* **WHAT TO PRODUCE**
For this exercise, please reproduce the records below word for word, from the first line through the line with "Круассан с сосиской".

* **INPUT DATA**
..............................
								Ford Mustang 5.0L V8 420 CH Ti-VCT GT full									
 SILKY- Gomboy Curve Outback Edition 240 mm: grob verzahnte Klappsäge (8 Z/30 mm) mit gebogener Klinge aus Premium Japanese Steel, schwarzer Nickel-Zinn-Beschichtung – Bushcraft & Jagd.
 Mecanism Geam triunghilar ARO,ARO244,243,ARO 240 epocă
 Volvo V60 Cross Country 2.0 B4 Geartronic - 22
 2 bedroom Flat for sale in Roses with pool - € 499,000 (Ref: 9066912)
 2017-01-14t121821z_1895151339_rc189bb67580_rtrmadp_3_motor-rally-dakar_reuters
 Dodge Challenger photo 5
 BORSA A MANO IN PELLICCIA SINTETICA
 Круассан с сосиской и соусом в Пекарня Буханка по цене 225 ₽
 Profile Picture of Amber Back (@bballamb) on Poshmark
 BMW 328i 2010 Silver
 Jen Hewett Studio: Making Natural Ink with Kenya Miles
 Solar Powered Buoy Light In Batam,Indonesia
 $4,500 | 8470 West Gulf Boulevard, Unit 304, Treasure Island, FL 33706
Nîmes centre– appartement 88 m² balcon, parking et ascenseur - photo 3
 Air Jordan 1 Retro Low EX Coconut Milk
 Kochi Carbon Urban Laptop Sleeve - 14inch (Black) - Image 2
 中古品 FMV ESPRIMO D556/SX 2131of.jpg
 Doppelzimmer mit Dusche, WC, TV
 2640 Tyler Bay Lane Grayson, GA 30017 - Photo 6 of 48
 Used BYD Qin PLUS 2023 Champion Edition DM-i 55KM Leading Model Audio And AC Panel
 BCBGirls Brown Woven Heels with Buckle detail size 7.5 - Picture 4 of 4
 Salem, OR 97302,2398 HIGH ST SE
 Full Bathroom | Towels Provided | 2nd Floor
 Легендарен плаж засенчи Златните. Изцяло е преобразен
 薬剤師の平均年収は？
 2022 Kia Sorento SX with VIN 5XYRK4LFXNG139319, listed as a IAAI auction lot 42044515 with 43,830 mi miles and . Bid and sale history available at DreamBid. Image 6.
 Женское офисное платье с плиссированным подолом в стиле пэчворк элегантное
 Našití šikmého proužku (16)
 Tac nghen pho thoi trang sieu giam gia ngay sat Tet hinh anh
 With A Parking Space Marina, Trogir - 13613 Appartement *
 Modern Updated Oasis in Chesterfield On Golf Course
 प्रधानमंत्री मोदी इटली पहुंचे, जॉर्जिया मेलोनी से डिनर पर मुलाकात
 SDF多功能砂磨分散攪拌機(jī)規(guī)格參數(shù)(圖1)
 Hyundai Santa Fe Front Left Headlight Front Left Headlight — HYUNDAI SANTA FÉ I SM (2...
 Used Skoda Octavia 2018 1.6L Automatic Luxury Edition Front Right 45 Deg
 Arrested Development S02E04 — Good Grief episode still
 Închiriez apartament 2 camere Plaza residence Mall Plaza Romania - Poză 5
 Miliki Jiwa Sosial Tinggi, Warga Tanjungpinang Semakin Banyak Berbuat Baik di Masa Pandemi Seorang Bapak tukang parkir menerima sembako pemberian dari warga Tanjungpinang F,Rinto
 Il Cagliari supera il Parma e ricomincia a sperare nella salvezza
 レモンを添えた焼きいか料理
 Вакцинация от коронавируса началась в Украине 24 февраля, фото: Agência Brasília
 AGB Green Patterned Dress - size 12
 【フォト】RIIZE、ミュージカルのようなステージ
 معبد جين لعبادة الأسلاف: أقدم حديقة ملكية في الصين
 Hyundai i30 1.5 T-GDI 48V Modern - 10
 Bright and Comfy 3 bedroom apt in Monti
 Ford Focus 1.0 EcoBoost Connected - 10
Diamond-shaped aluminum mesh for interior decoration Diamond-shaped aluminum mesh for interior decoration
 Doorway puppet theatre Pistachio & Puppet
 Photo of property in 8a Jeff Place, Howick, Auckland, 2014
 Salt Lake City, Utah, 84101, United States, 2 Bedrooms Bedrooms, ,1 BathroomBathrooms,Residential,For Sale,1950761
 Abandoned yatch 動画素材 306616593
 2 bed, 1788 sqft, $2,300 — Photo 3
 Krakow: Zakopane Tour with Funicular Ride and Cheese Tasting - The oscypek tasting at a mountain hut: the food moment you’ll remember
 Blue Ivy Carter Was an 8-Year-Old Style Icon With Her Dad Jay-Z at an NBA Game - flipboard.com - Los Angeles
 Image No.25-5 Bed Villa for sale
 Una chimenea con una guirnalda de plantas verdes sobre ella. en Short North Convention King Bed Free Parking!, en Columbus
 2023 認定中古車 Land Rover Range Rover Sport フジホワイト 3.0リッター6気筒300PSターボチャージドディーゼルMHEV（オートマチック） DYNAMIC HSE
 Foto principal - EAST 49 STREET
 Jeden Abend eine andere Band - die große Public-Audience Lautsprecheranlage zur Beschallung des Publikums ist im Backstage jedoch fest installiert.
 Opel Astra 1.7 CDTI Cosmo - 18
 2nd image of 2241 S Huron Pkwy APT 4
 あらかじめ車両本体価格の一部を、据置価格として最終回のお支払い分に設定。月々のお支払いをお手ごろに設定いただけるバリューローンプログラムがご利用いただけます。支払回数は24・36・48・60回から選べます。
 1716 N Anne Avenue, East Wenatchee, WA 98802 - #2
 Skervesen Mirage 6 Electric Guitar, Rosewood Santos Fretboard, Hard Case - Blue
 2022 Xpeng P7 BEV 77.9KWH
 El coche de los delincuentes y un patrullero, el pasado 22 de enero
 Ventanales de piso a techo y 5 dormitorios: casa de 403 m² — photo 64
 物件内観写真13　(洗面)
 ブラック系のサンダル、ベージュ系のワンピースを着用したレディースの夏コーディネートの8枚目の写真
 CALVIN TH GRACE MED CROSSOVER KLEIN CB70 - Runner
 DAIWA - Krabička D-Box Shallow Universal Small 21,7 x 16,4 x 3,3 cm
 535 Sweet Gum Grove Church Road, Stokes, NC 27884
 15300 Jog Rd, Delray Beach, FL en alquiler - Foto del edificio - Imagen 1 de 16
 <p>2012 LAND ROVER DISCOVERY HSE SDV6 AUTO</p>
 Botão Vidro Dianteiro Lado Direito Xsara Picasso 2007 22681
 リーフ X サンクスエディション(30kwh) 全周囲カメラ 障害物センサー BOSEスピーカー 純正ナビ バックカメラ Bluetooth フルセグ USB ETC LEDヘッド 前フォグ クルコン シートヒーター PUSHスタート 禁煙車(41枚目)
..............................
* **ANSWER BOX**
								Ford Mustang 5.0L V8 420 CH Ti-VCT GT full									
 SILKY- Gomboy Curve Outback Edition 240 mm: grob verzahnte Klappsäge (8 Z/30 mm) mit gebogener Klinge aus Premium Japanese Steel, schwarzer Nickel-Zinn-Beschichtung – Bushcraft & Jagd.
 Mecanism Geam triunghilar ARO,ARO244,243,ARO 240 epocă
 Volvo V60 Cross Country 2.0 B4 Geartronic - 22
 2 bedroom Flat for sale in Roses with pool - € 499,000 (Ref: 9066912)
 2017-01-14t121821z_1895151339_rc189bb67580_rtrmadp_3_motor-rally-dakar_reuters
 Dodge Challenger photo 5
 BORSA A MANO IN PELLICCIA SINTETICA
 Круассан с сосиской и соусом в Пекарня Буханка по цене 225 ₽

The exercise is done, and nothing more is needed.